# Assignment 2: Building a Simple Index

In this assignment, we will build a simple search index, which we will use later for Boolean retrieval. The assignment tasks are again at the bottom of this document.

## Loading the Data

In [101]:
Summaries_file = 'data/emotion_Summaries.pkl.bz2'
Abstracts_file = 'data/emotion_Abstracts.pkl.bz2'

In [102]:
import pickle, bz2
from collections import namedtuple

Summaries = pickle.load( bz2.BZ2File( Summaries_file, 'rb' ) )

paper = namedtuple( 'paper', ['title', 'authors', 'year', 'doi'] )

for (id, paper_info) in Summaries.items():
    Summaries[id] = paper( *paper_info )
    
Abstracts = pickle.load( bz2.BZ2File( Abstracts_file, 'rb' ) )

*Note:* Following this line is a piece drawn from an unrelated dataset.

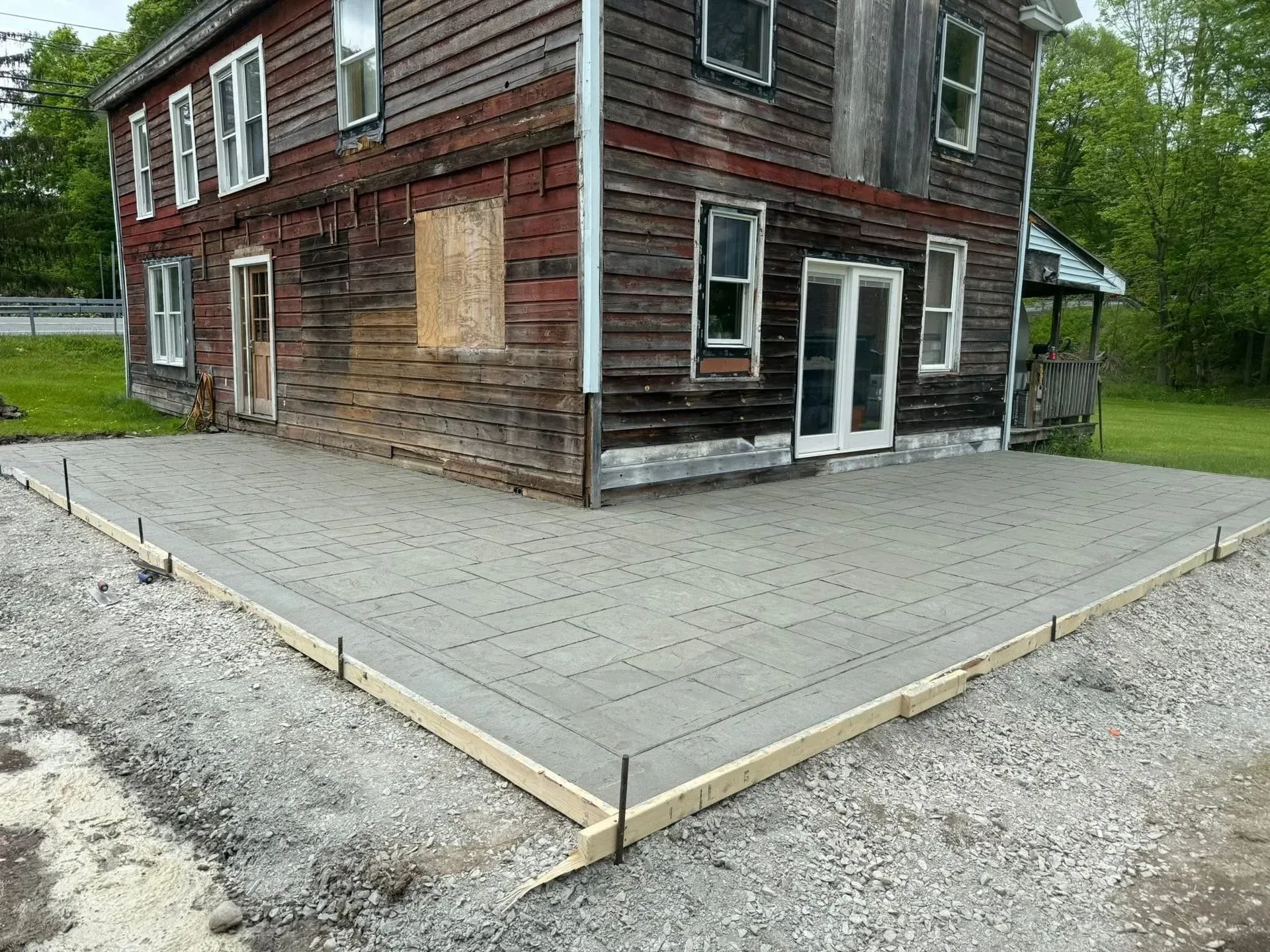 Newly poured concrete patio next to a weathered, wooden house. Gravel borders the patio.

Let's have a look at what the data looks like for an example of a paper:

In [103]:
Summaries[34648542]

paper(title='Electrophysiological correlates of interference control in the modified emotional Stroop task with emotional stimuli differing in valence, arousal, and subjective significance.', authors=['Imbir KK', 'Pastwa M', 'Duda-Goławska J', 'Sobieszek A', 'Jankowska M', 'Modzelewska A', 'Wielgopolan A', 'Żygierewicz J'], year=2021, doi='10.1371/journal.pone.0258177')

In [104]:
Abstracts[34648542]

'The role of emotional factors in maintaining cognitive control is one of the most intriguing issues in understanding emotion-cognition interactions. In the current experiment, we assessed the role of emotional factors (valence, arousal, and subjective significance) in perceptual and conceptual inhibition processes. We operationalised both processes with the classical cognitive paradigms, i.e., the flanker task and the emotional Stroop task merged into a single experimental procedure. The procedure was based on the presentation of emotional words displayed in four different font colours flanked by the same emotional word printed with the same or different font colour. We expected to find distinct effects of both types of interference: earlier for perceptual and later for emotional interference. We also predicted an increased arousal level to disturb inhibitory control effectiveness, while increasing the subjective significance level should improve this process. As we used orthogonal ma

## Some Utility Functions

We'll define some utility functions that allow us to tokenize a string into terms, perform linguistic preprocessing on a list of terms, as well as a function to display information about a paper in a nice way. Note that these tokenization and preprocessing functions are rather naive. We will improve them in a later assignment.

In [105]:
def tokenize(text):
    """
    Function that tokenizes a string in a rather naive way. Can be extended later.
    """
    return text.split(' ')

def preprocess(tokens):
    """
    Perform linguistic preprocessing on a list of tokens. Can be extended later.
    """
    result = []
    for token in tokens:
        result.append(token.lower())
    return result

print(preprocess(tokenize("Lorem ipsum dolor sit AMET")))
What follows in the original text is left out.